ASC114 Applied Statistics and Animal Epidemiology (8)

This subject provides an introduction to the fundamental research skills required to answer questions that are posed by practitioners and scientists within the equine and veterinary technology industries. This subject covers the principles of experimental design which ensure that research conducted is well planned and able to provide useful and reliable results. The correct formulation of hypotheses that are fundamental to statistical testing is discussed along with the requirements for data collection and management. A range of appropriate descriptive and analytical statistical methods will be covered, along with an introduction to quantitative animal-based epidemiology to describe and investigate problems in animal populations. On successful completion of this subject, students should be able to recognise a well-designed study, appreciate appropriate statistical testing and critically consider the conclusions with respect to the statistical outcomes for a range of industry-based problems.

Availability

Session 2 (60)
On Campus
Wagga Wagga Campus
Online
Wagga Wagga Campus

Continuing students should consult the SAL for current offering details: ASC114. Where differences exist between the Handbook and the SAL, the SAL should be taken as containing the correct subject offering details.

Subject Information

Grading System

HD/FL

Duration

One session

School

School of Animal and Veterinary Sciences

Enrolment Restrictions

Students enrolled in the Bachelor of Veterinary Technology and the Bachelor of Equine Science (with specialisation).
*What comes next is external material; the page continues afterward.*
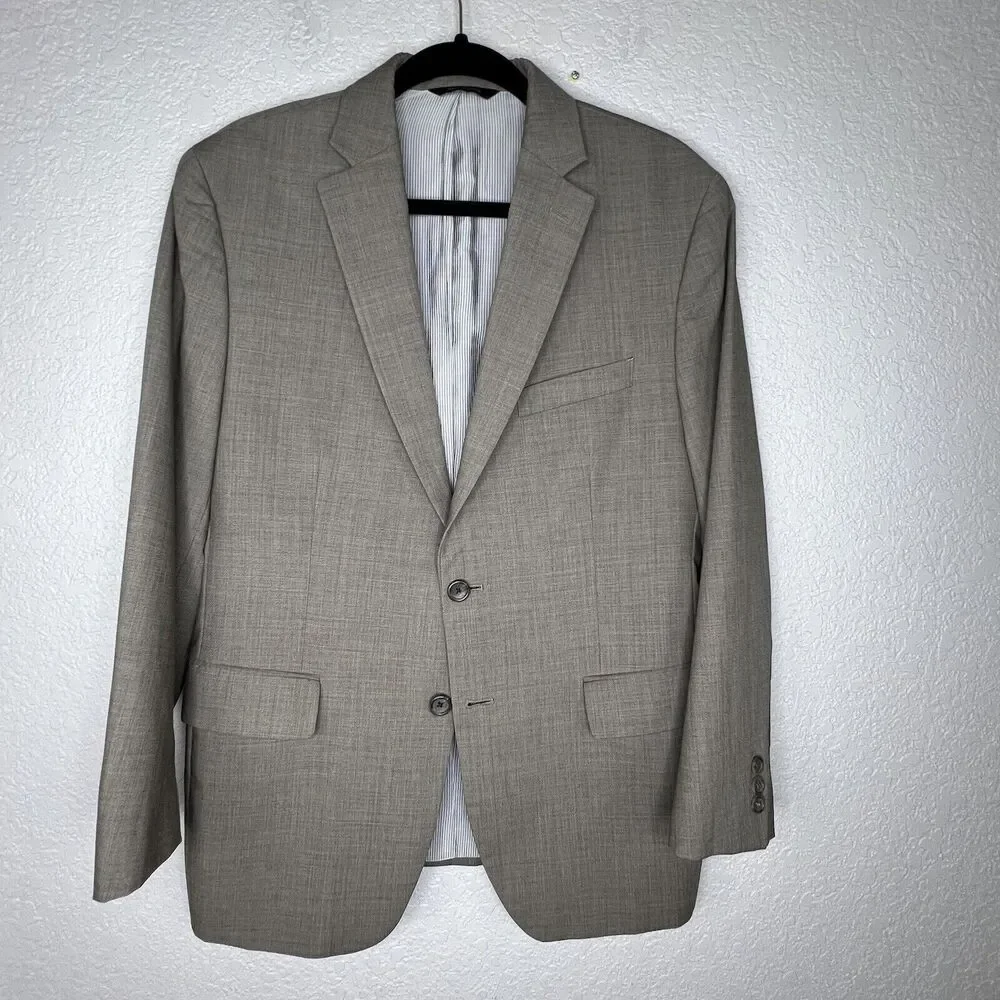 Banana Republic Mens Size 40S Wool Blazer Tailored Fit Taupe Tan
Other students with permission of their Course Director and the Subject Coordinator.

Learning Outcomes

Upon successful completion of this subject, students should:
  • be able to explain the research cycle and plan research studies;
  • be able to design research studies in order to generate usable data;
  • be able to identify appropriate data collection, collation (management) and analysis methods and apply these in order to test hypotheses and reach statistically valid conclusions about research questions;
  • be able to use statistical software to conduct simple descriptive and analytical statistics of industry related data;
  • be able to define and use basic epidemiological concepts to assess contemporary problems within the animal industries;
  • be able to demonstrate appropriate interpretation and inference skills based on the hierarchy of evidence for epidemiological investigations; and
  • be able to reach informed statistical based conclusions and communicate these appropriately to a range of audiences.

Syllabus

This subject will cover the following topics:
  • Research Planning - research cycle, principles of experimental design, randomisation, replication, error, sample sizes, subject selection and sampling strategies. Other external considerations e.g. ethics, economics, seasonality.
  • Research Planning - research questions, aims, objectives and hypotheses.
  • Data Organisation - data collection, collation and management.
  • Dealing with Data - data distributions, testing for normality, parametric versus non-parametric testing, transforming data.
  • The Statistical Method - hypothesis, probability, significance and the magic number (P<0.05).
  • Descriptive Statistics - measures of central tendency (averages, mean, median, mode) and variation (variance, standard deviation, standard error of the mean, range and interquartile range), percentages and proportions.
  • Analytical Statistics - differences (t tests and simple analysis of variance), relationships (correlation and simple linear regression) and associations (Chi-squared).
  • Epidemiological methods - observational versus intervention, population versus individual, descriptive versus analytical, prevalence studies versus case control studies versus cohort (follow-up studies). Risk factors and the importance of frequency, dynamics and associations; interpretation and inference skills based on the hierarchy of evidence.
  • Communication skills - basic principles of communication, pitching content at the right level.

The information contained in the CSU Handbook was accurate at the date of publication: July 2020. The University reserves the right to vary the information at any time without notice.